Not only does US-based manufacturing enjoy lower transportation costs for reaching the American consumer, it is also perfectly positioned to take advantage of the fact that retailers and distributors are increasingly keeping less product in stock. This fact was highlighted in a recent article in Furniture Today, which featured the work of Capel Rugs based out of the small town of Troy, NC.
In the article, VP of Sales Allen Robertson shares the story of a last minute order which demonstrates the nimbleness that US-based firms can leverage:
A few years back, Robertson received a call on a Wednesday from a customer in Hilton Head, S.C., who forgot to order a braided rug as part of a $100,000 installation project he was working on. The customer asked Robertson if it would be possible to have a rug sent by that Friday.
“It was about 2:00 in the afternoon so I ran to the plant and asked if we could make an 8 by 11 rug and still get it to UPS today,” Robertson recalled. “We shipped it and it went to Hilton Head. The guy called me at 2:00 the next afternoon and said, ‘Cancel the order, apparently we had ordered it.’ He didn’t realize we did it and shipped it. We do have some service advantages.”

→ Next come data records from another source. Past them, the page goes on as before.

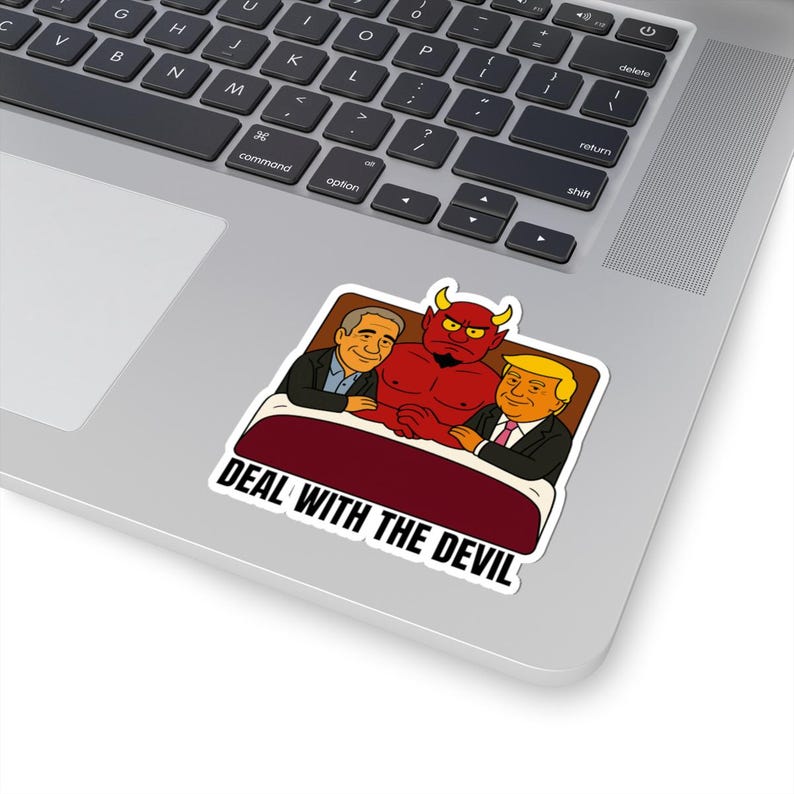 Deal With The Devil - Trump Epstein Satan - South Park Parody - Vinyl Sticker zdjęcie 2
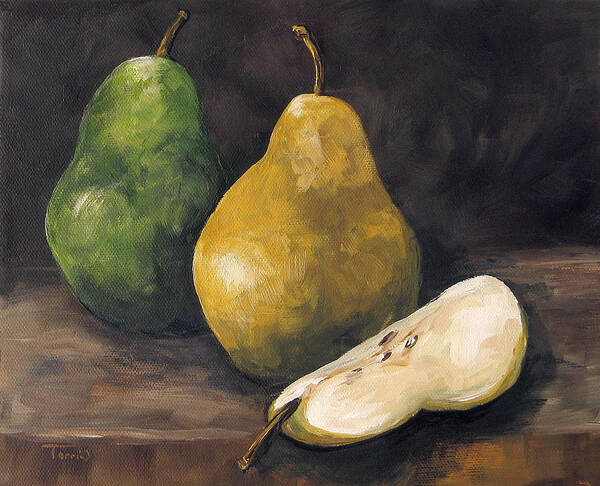 Pear Poster featuring the painting Pears Green and Gold by Torrie Smiley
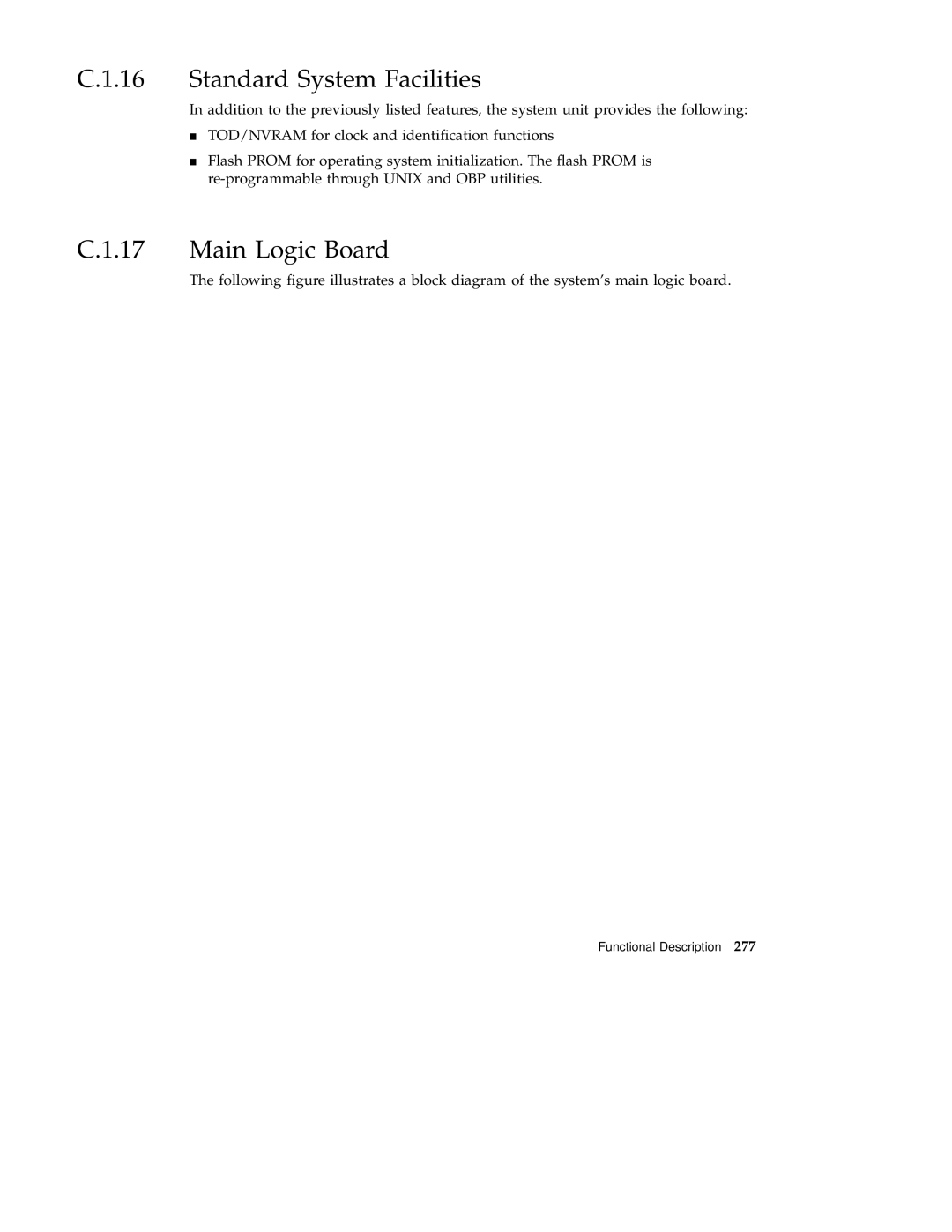 Sun Microsystems 220R service manual Standard System Facilities, Main Logic Board 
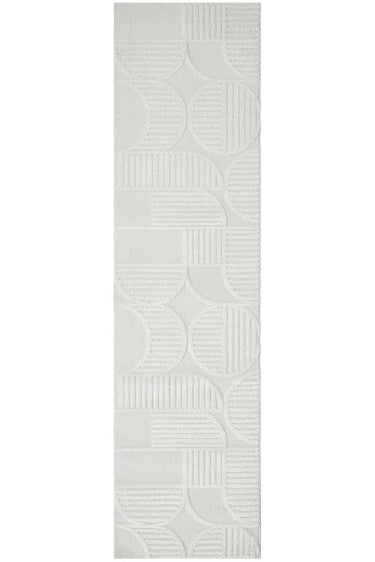 Lotus Leo White Modern Geometric Pattern Rug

Given rising labor costs in many emerging markets and the volatility of transportation costs, there’s much to be said for agile manufacturing which remains close to its markets. As technologies improve in various industries, from print-on-demand to 3D printing, we may well see a revival of smaller-scale distributed manufacturing across the world. Those NC manufacturing businesses which were able to weather the storm of recent globalization are well placed to take advantage of this emerging paradigm.
The Made In America branding advantages, not to mention a story of heritage and continuity, may just be icing on the cake.